START MATERIALS PROVIDED
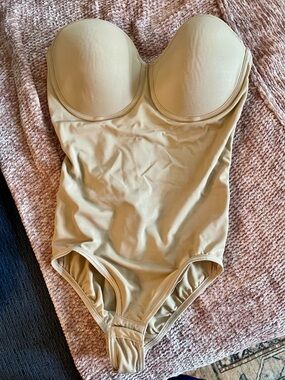 Bra & body shape wear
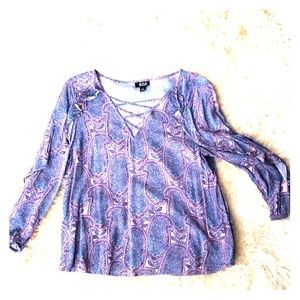 Long Sleeve, Light, Flirty Top!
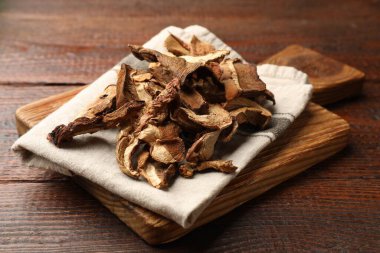 Kurutulmuş mantarlar ahşap masada, yakın plan.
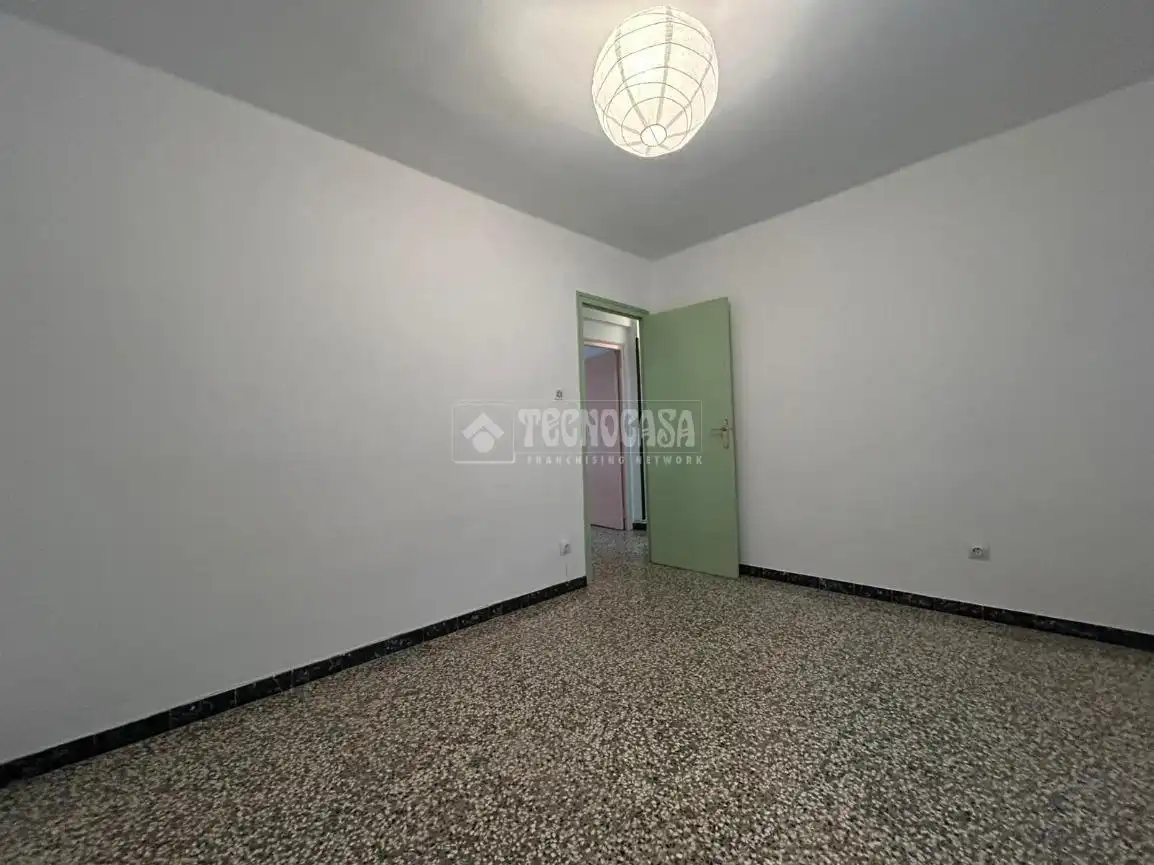 Schlafzimmer von Wohnung zum Verkauf in Zaragoza mit Heizung
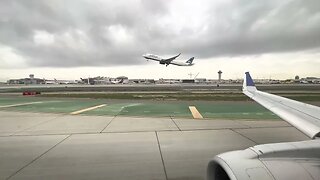 Skywest United Express Embraer 175 Landing LAX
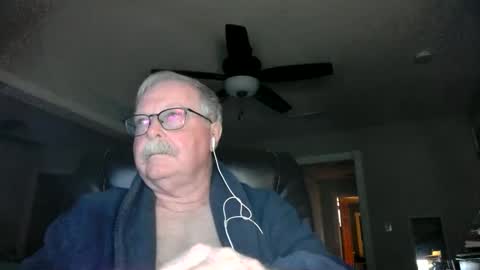 Snapshot of oldlakeguy chatting on 20, 2, 2025 OldLakeGuy online show from 20, 2, 2025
END MATERIALS PROVIDED
## WHAT TO DO
Retype the entries word for word. Omit any images.

## WRITTEN SOLUTION
 Bra & body shape wear
 Long Sleeve, Light, Flirty Top!
 Kurutulmuş mantarlar ahşap masada, yakın plan.
 Schlafzimmer von Wohnung zum Verkauf in Zaragoza mit Heizung
 Skywest United Express Embraer 175 Landing LAX
 Snapshot of oldlakeguy chatting on 20, 2, 2025 OldLakeGuy online show from 20, 2, 2025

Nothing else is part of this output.